Locations of the Boat Ramp Monitors
During the summer of 2004, ramp monitors were stationed at these locations:
- Big Pond (Otis)
- Otis Reservoir (Tolland)
- Lake Cochituate (Framingham)
- Lake Wyola (Shutesbury)
- Laurel lake (Erving)
- Wallum Lake (Douglas)
- Ashland Reservoir (Ashland)
- Whitehall Reservoir (Hopkinton)
- Pontoosuc Reservoir (Pittsfield)
Number of Surveys Collected
1319 surveys were collected from boaters statewide. Overall, the busiest boat ramp was Cochituate State Park in Natick, with 365 surveys collected, followed by Wallum Lake in Douglas State Forest (281 surveys); Otis Reservoir (232 surveys); Whitehall reservoir (139 surveys); Big Pond (109 surveys); Laurel Lake (98 surveys); Pontoosuc Reservoir (87 surveys) and finally
Lake Wyola and Ashland Reservoir with 4 surveys each.
Overall Results to Selected Survey Questions
1) What town and state do you currently live in?
14% of the boaters surveyed were from out-of-state. Graph 1
2) Prior to today had you heard of invasive exotic species?
80.4% of boaters are aware of invasive species. Graph 2
3) If so, which species had you heard of?
The non-native species that people were most familiar with was Milfoil, followed by Zebra Mussel. Graph 3
4) Are you aware that one of the main ways that invasive plants enter a lake or pond is by hitching
rides on boats, trailers, motors and other gear?
77.8% of the boaters surveyed understood that plants can be spread by boats, trailers and gear. Graph 4
5) Are you willing to take the time to inspect and wash your boat after visiting a lake or pond?
98.5% of boaters were willing to wash their boats. Graph 5
6) Has this conversation increased your awareness of invasive species?
75% of the boaters surveyed felt that the conversation had increased their awareness of invasives. Graph 6
NOTE: 1180 (89.5%) of the 1319 boats were inspected for non-native species.
(5.2% refused, and the remaining 5.3% (70 boats) were already launched, so an inspection was not possible.)

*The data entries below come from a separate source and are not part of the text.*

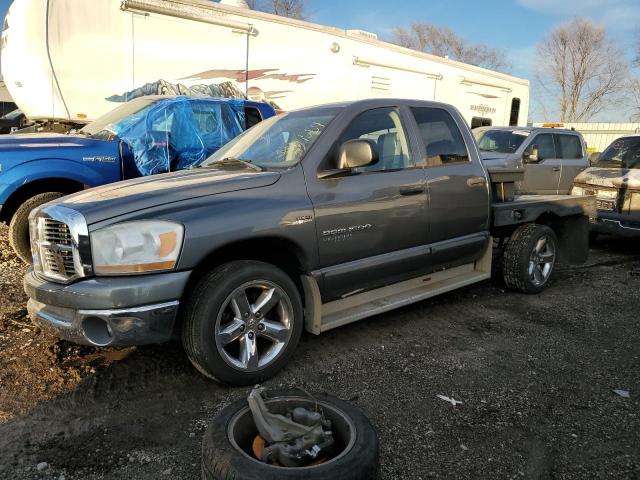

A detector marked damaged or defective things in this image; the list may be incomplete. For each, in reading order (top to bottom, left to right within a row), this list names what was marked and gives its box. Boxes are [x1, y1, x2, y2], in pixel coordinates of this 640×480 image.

detached tire [8, 191, 64, 262]
detached tire [502, 223, 556, 294]
detached tire [181, 260, 304, 384]
detached tire [202, 390, 378, 480]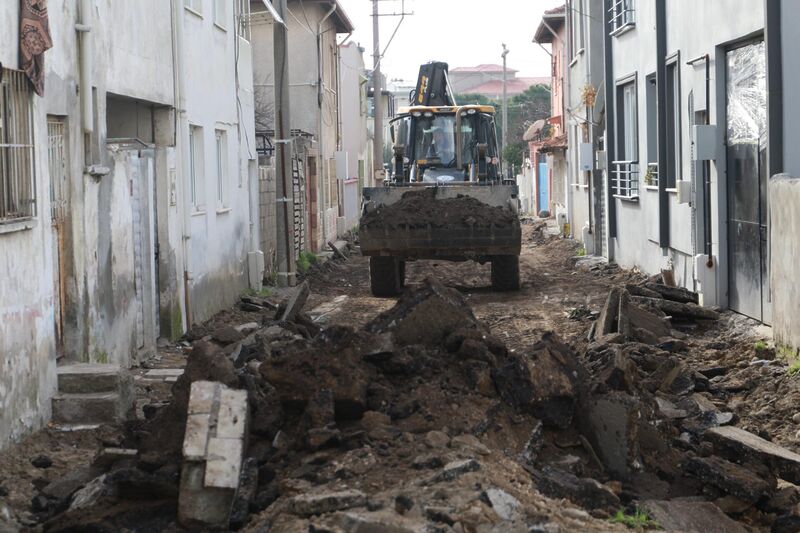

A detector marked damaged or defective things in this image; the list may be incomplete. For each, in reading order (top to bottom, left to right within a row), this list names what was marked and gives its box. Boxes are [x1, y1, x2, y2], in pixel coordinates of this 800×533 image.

torn up street [1, 222, 800, 528]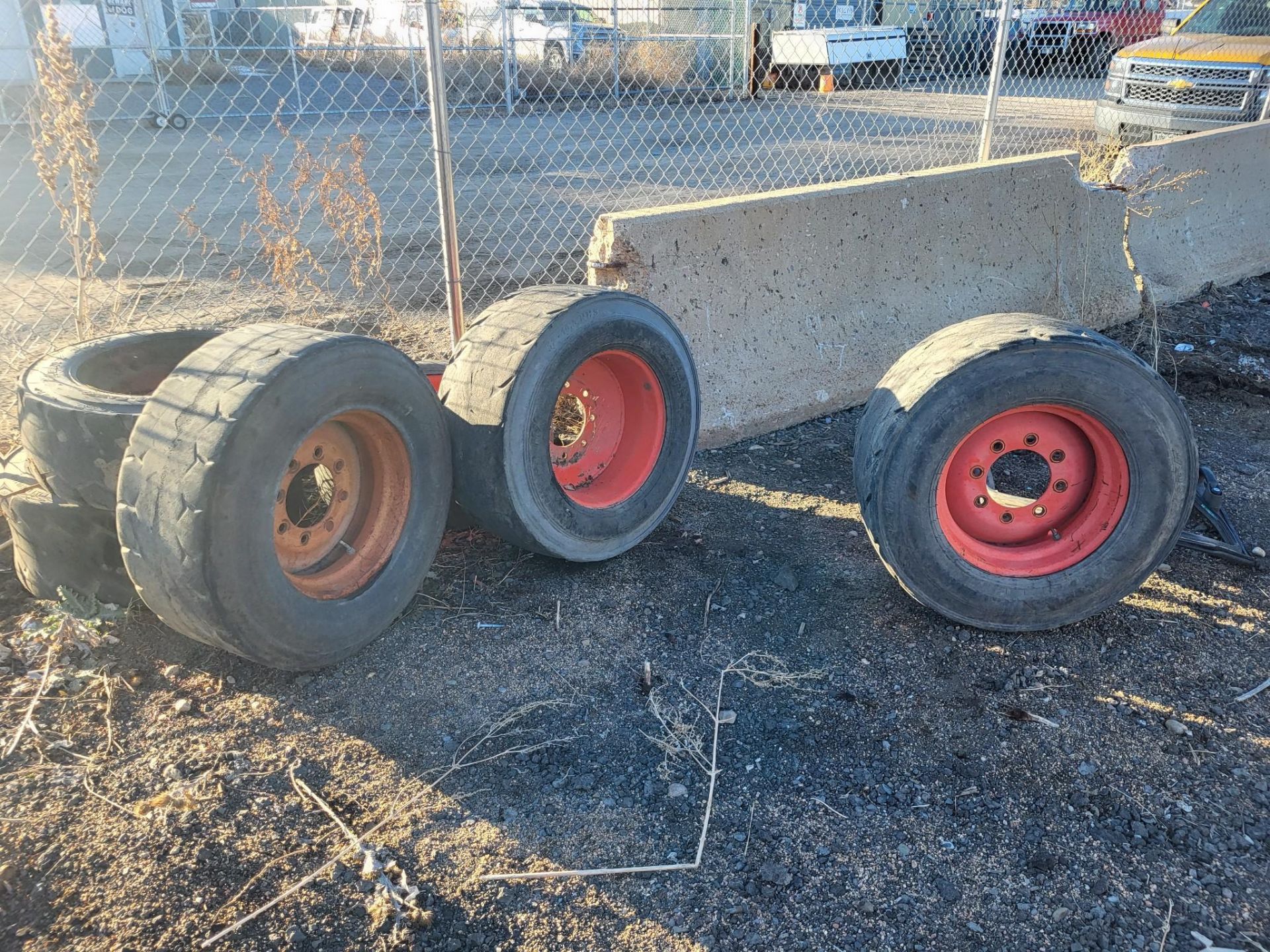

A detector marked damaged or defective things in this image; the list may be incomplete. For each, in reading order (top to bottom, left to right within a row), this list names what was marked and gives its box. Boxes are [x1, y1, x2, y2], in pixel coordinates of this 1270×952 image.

rusty rim [273, 411, 411, 604]
rusty rim [548, 350, 665, 510]
rusty rim [935, 403, 1132, 578]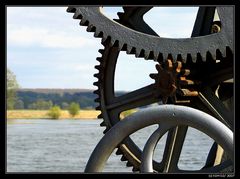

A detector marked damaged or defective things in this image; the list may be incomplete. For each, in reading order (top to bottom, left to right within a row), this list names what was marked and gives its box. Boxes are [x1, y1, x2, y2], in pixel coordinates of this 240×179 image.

smaller rusty gear [150, 59, 199, 103]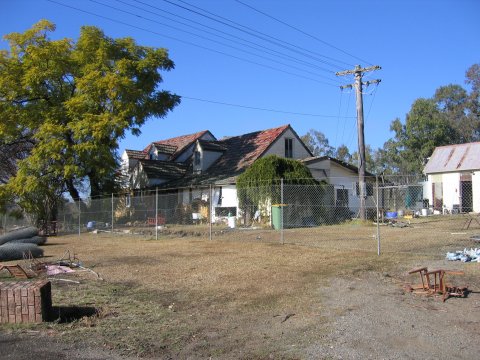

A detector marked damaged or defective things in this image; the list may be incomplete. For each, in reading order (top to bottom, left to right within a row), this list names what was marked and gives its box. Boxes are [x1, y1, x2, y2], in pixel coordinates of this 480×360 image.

rusted metal roof [424, 141, 480, 174]
damaged roof [424, 141, 480, 174]
rusted corrugated sheet [424, 142, 480, 174]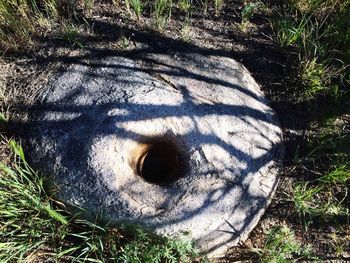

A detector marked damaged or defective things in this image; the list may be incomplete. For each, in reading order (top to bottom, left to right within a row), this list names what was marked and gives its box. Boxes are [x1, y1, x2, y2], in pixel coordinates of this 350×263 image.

cracked concrete [24, 51, 284, 258]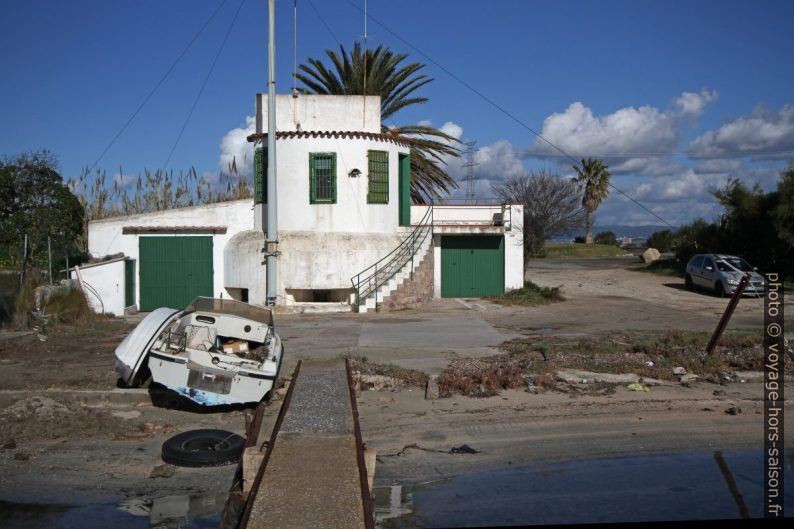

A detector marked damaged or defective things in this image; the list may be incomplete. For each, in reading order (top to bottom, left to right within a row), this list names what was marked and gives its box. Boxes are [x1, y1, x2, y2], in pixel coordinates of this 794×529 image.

11.1% of the 1180 boats that were inspected boats had plant fragments attached. Graph 7
Of these 131 boats, more than half, 55.7% (73 boats) were transporting non-native plant fragments. Graph 8
The survey results show that boaters had the greatest awareness of exotic invasive species at Otis Reservoir and Big Pond, where 98.8 % of the boaters were very familiar with invasive plants, and the least awareness at Wallum/Whitehall with only 67.9% of the boaters had prior knowledge of AIS. Pontoosuc Reservoir was also on the low end, where only 71.3% of the survey participants were aware of invasive species.
At Big Pond/Otis Reservoir, 94.4% of the visitors were aware that boats are one of the main pathways that non-native plants enter a new waterbody; however, only 53.57% of the boaters at Pontoosuc Reservoir and 70.9% at Wallum/Whitehall were aware of this.
83.3 % of the visitors to Laurel Lake and Lake Wyola felt that their conversation with the ramp monitor increased their knowledge of exotic species, while only 71.4 % at Pontoosuc Reservoir felt enlightened.
At every water body, over 99% of the boaters were willing to wash and inspect their boats, with the exception of Laurel Lake/Lake Wyola where only 91.2% were willing.
Boaters at Cochituate, Otis, Big Pond, Laurel Lake and Lake Wyola were 100% willing to participate in the voluntary boat inspection, however, 66 boaters (15.8%) at Wallum/Whitehall and 3 boaters (2.74%) at Pontoosuc Reservoir declined a voluntary inspection. This is not surprising, as visitors to these two water bodies had the least awareness of invasive species.
The greatest numbers of boats carrying plant fragments were launched at Cochituate Reservoir (15.9%) followed by Pontoosuc Reservoir (13.8%). Conversely, at the Big Pond and Otis Reservoir ramps, where the AIS awareness was the greatest, only 6.5% of the boats inspected contained plant fragments.